I reccomend the synthetic sets on MisterArt.com They are all under $10 and you get lots of brushes and sizes and types. I bought them initially for painting but found that the smaller ones are perfect for eyeliner / applying bases / applying pigments wet.

Sorry if I repeated what others said, no time to read the thread.


----------



## glittermoongdes (Oct 1, 2009)

Yes! I just became interested in makeup but I've watched a zillion youtube videos about brushes and I just went to Michaels and picked out a brand I loved and wrote down what sizes I needed. Then I went online and found the cheapest website to buy that brand (and then I knew what sizes I wanted). I got them for $2-5 each online and they were from $6-10 each at Michaels.

So far I really really LOVE Robert Simmons Expression brushes. They are synthetic but feel just like real hair, really smooth and soft. I bought two filbert size 8, one filbert size 6, one filbert size 4, one angle shader 1/4", one angle shader 1/8" (both great for liner), one spotter 5/0, one round size 1. I couldn't find any good foundation or blush mops in this brand they were very scratchy and not the right shape. I don't want to use real hair but the Robert Simmons Sapphire (sable hair) had some good large oval shaped brushes. I already had two Ecco Bella vegan brushes, a blush mop and a eyeshadow mop I think the 3/8 size. I prefer the filberts to the mops for regular lid application.

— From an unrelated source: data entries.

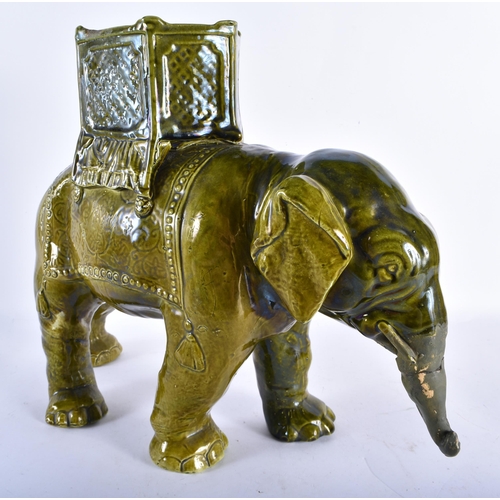 885 - A LARGE 19TH CENTURY CONTINENTAL MAJOLICA POTTERY GREEN GLAZED ELEPHANT VASE. 34 cm x 28 cm.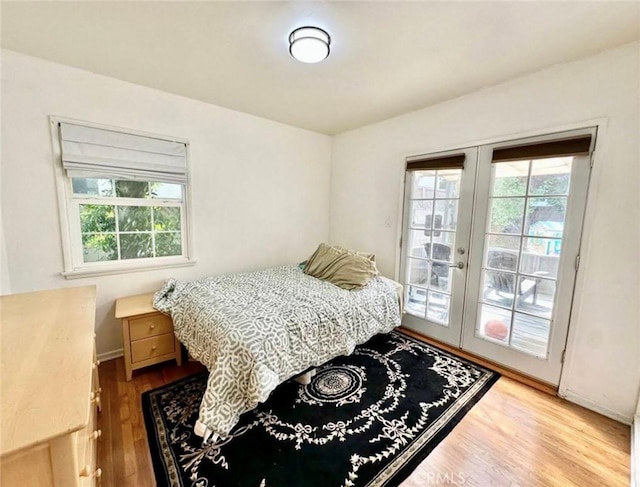 bedroom with french doors, wood finished floors, baseboards, and access to exterior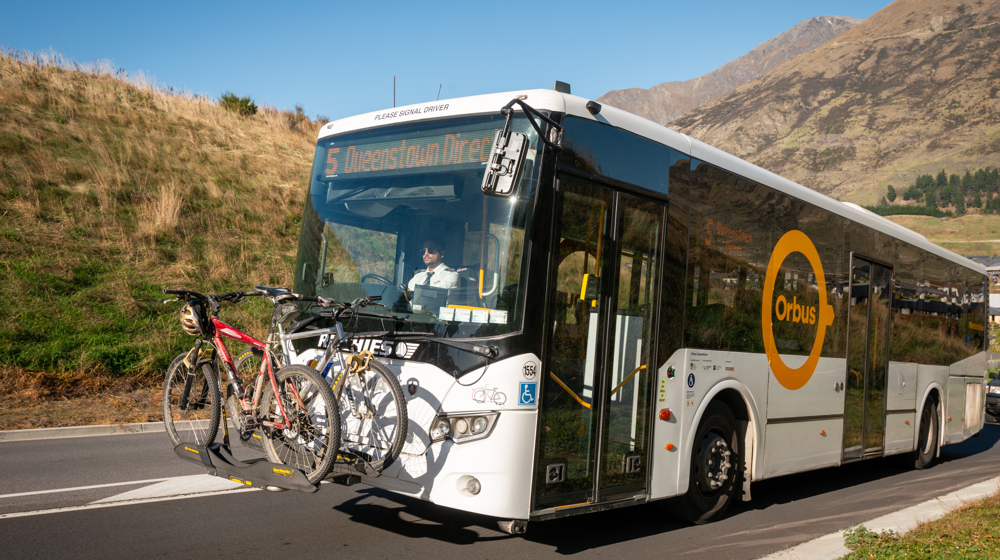 Bikes loaded on the front rack of an Orbus Bus in Queenstown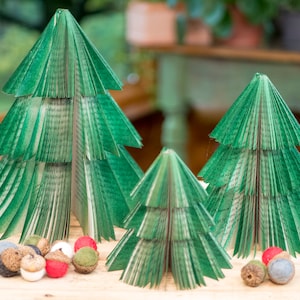 May include: Three green paper Christmas trees of varying sizes decorated with red, white, and brown felt ornaments. The trees are made from folded pages of a book.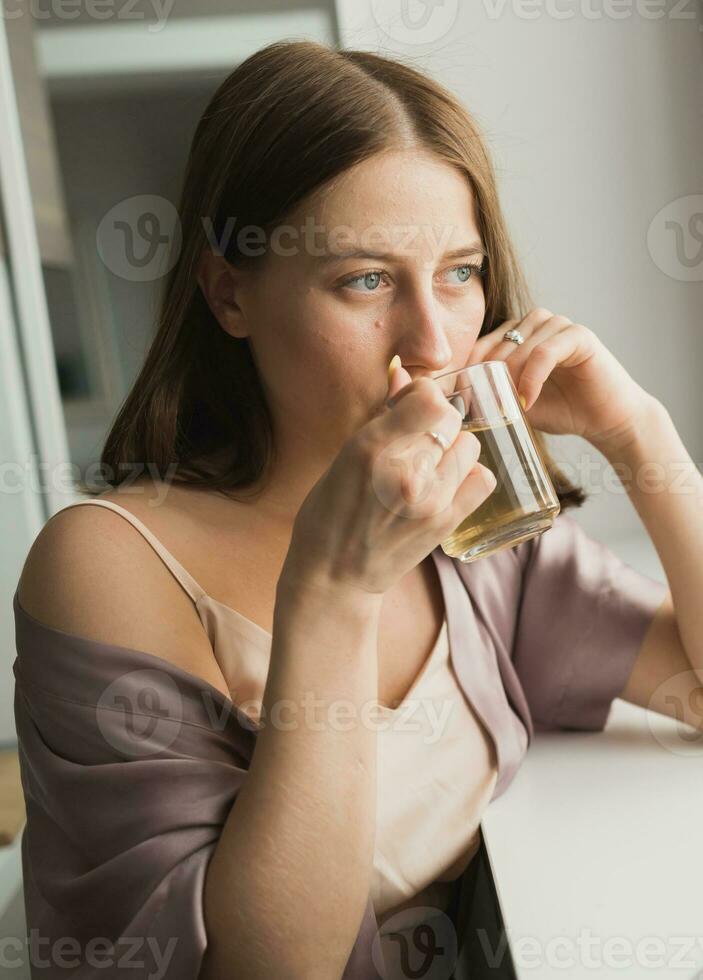 jovem mulher sentado em cadeira às casa e bebendo chá, casual estilo interior atirar. fechar-se retrato foto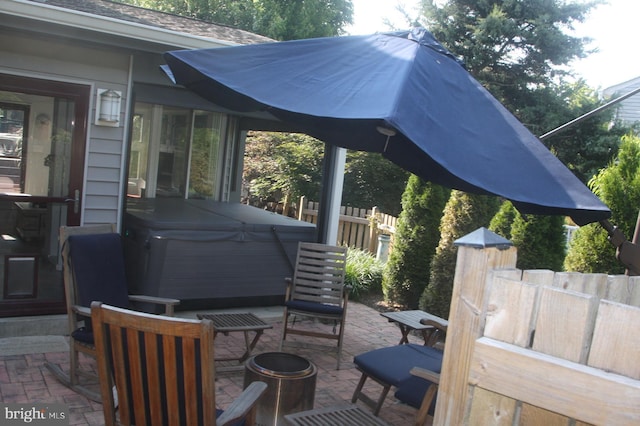 2404 Blue Valley Dr, Silver Spring, MD 20904 - view of patio with a hot tub, an outdoor fire pit, and outdoor dining space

I don't know why anyone would want to spend $40 on a brush! AH! I was so glad to see these because I want to do multiple color looks and need at least 4 clean brushes.


----------



## mayzilou (Oct 2, 2009)

Yeah I hate to spend 40 dollars on a brush thanks for all of your helpful tips!


----------



## magosienne (Oct 2, 2009)

I have some makeup brushes that actually are paint brushes. One flat that is so perfect for foundation and cocnealer on large areas, one flat for the eyeshadow (all over) as well undereye concealer, two rounded for the inner corners and crease.

I think you can totally use them, and it saves more cash for the powder and slanted blush/contour brushes, which i didn't find in all the ranges and brands available to me.

The brand i use is called Leonard, apparently it's a great paint brushes brand, i'm not an artist so i can only trust the internet, but they're great and cheap.


----------



## lalalalila (Oct 3, 2009)

Originally Posted by *Charlene* /img/forum/go_quote.gif I live by my L/C Maxine's Mop brushes in 1/4. They are like, $3 at the craft store. Super awesome for looks with lots of colors - I have a clean brush for each color application. I love my Maxine's Mop 1/4 as well! It's great for precise application on the inner corners of my eyes.


----------